Toxicity of selenate and selenite to the potworm Enchytraeus albidus (Annelida: Enchytraeidae): a laboratory test.

Ecotoxicology 2007 May 24;16(4):379-84. Epub 2007 Mar 24.

Department of Zoology and Ecology, Szent István University, Gödöllo, Hungary.

Little information is available about the toxicity of inorganic selenium forms in soil animals. Therefore, the effects of selenate and selenite on the mortality and reproduction of Enchytraeus albidus were examined in standard laboratory tests with chronic exposure. Total and available amount of selenate and selenite were tested in a calcareous loamy chernozem soil. The LC(50) of selenate was 5.69 (2.7-8.12) mg kg(-1) dry wt. for total Se and 4.74 (2.14-6.98) mg kg(-1) dry wt. for available Se. Selenite LC(50) was as high as 22.5 (19.6-25.7) mg kg(-1) dry wt. for total Se and 8.10 (6.8-9.6) mg kg(-1) dry wt. for available Se. The EC(50) of selenate was 0.41 (0.35-0.48) mg kg(-1) dry wt. for total Se and 0.28 (0.24-0.34) mg kg(-1) dry wt. for available Se.

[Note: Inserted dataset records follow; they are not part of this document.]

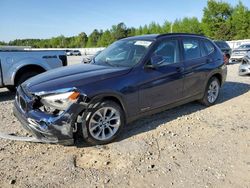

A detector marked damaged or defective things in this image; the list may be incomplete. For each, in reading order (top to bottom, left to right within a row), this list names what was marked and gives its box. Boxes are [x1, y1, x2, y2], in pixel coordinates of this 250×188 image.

crumpled hood [23, 63, 131, 93]
damaged front bumper [3, 86, 87, 145]
broken headlight [40, 90, 79, 111]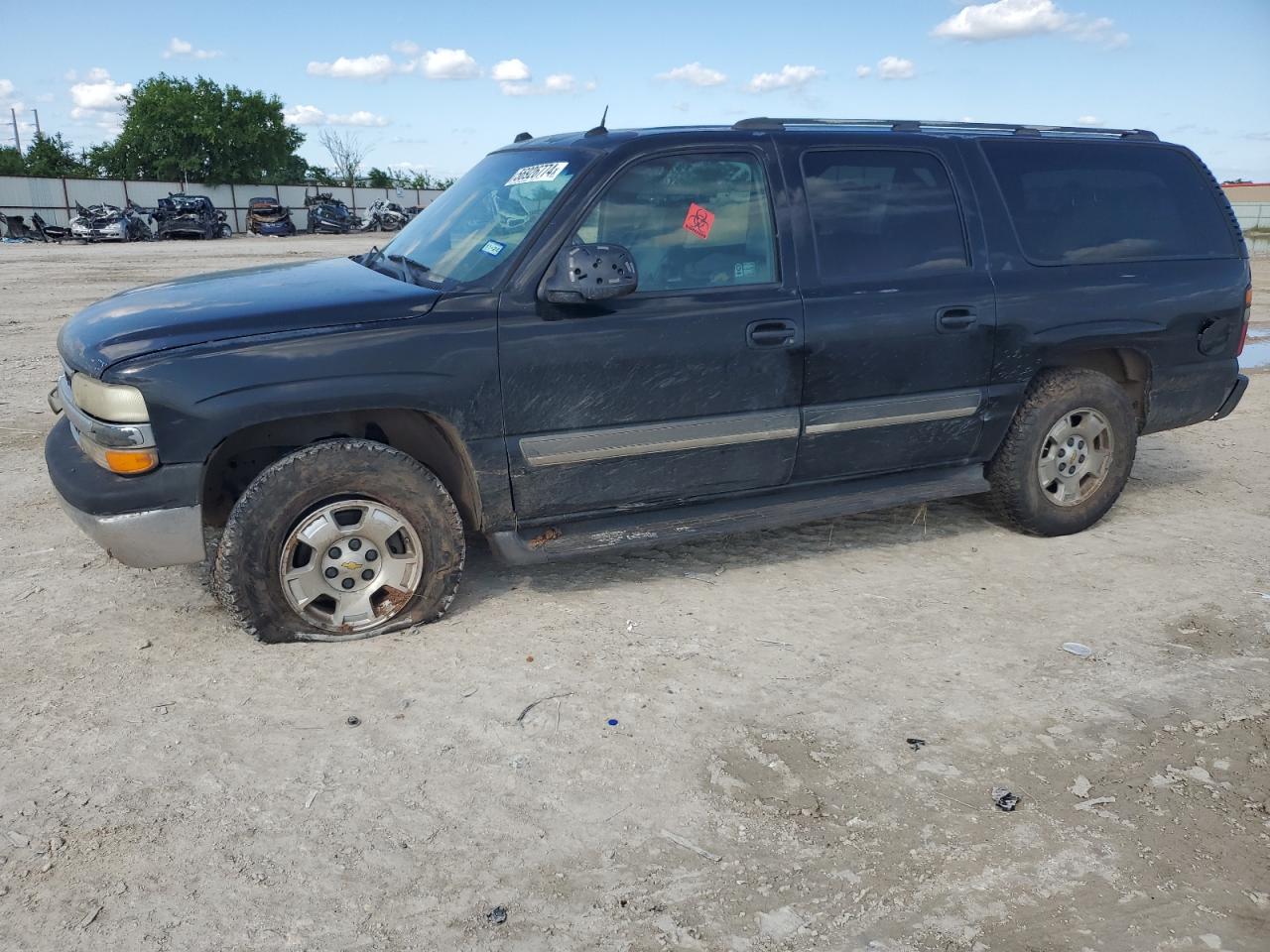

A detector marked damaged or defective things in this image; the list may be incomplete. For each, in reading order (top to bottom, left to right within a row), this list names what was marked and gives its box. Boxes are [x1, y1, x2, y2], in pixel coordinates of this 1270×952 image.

wrecked vehicle [66, 200, 153, 242]
wrecked vehicle [154, 192, 233, 238]
wrecked vehicle [243, 195, 296, 236]
wrecked vehicle [300, 190, 355, 233]
wrecked vehicle [359, 199, 409, 232]
wrecked vehicle [47, 117, 1254, 639]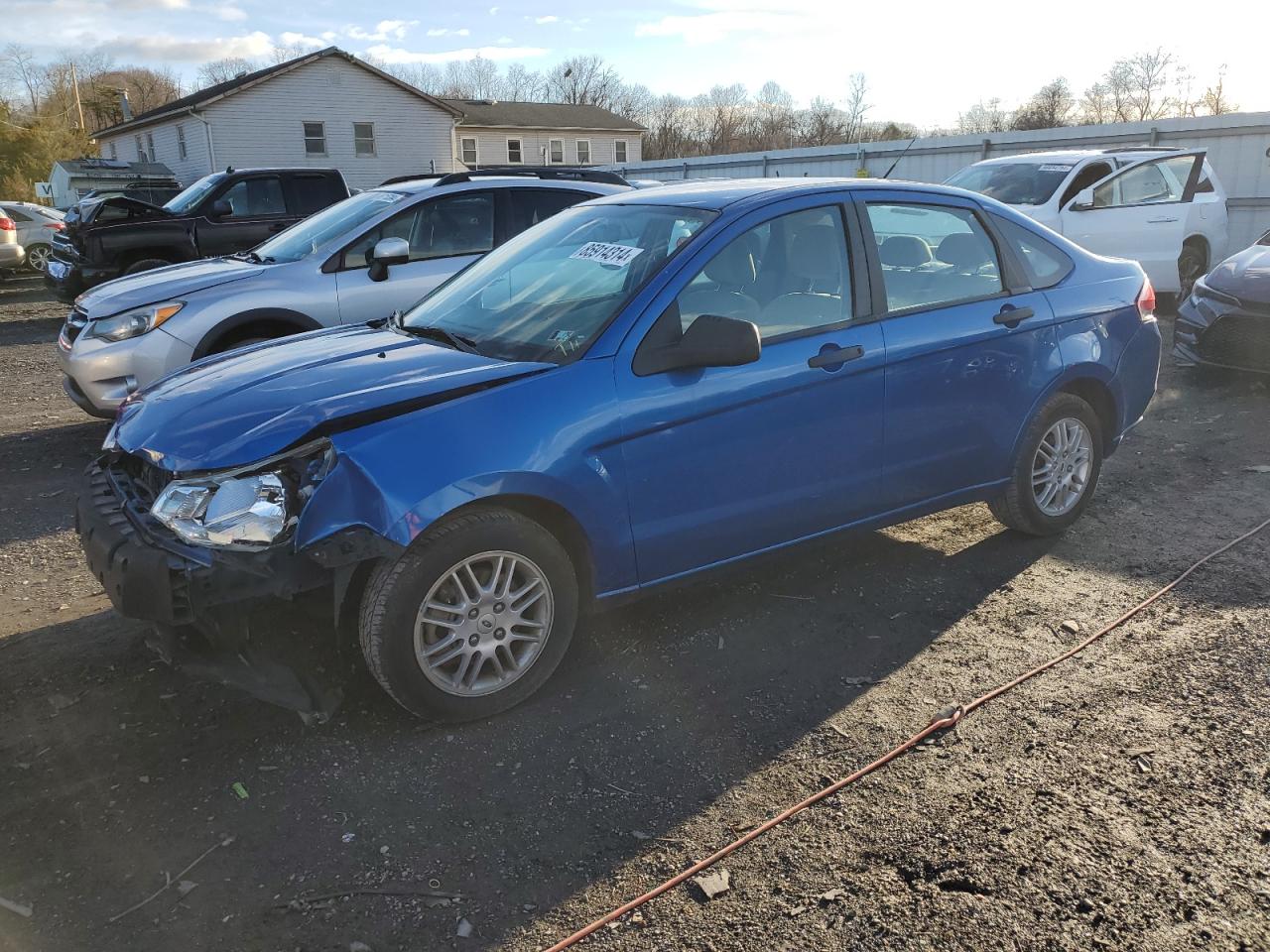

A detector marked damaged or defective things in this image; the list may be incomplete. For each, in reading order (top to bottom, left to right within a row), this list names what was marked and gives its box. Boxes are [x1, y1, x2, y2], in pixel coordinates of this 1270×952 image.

damaged hood [76, 256, 266, 315]
crumpled front bumper [1175, 292, 1270, 373]
damaged hood [1199, 240, 1270, 303]
broken headlight [150, 440, 333, 551]
damaged hood [116, 323, 552, 472]
damaged blue sedan [71, 180, 1159, 722]
crumpled front bumper [77, 458, 395, 718]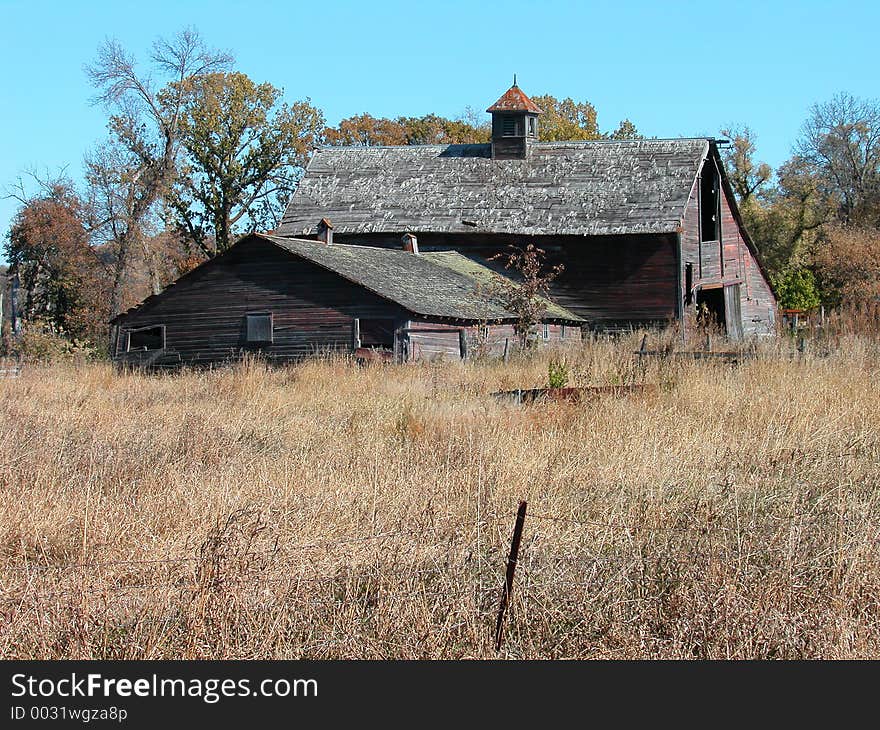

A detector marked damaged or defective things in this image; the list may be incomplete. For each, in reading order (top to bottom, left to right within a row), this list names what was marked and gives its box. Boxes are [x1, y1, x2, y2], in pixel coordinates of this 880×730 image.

rusty fence post [496, 500, 528, 648]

Selenite EC(50) was as high as 7.3 (6.2-8.5) mg kg(-1) dry wt. for total Se and 2.46 (2.05-2.91) mg kg(-1) dry wt. for available Se. The response in reproduction was more sensitive to Se toxicity than the response in mortality. Selenate proved to be more toxic than selenite. Available data show that E. albidus may function as a biological indicator for some inorganic selenium forms in the soil.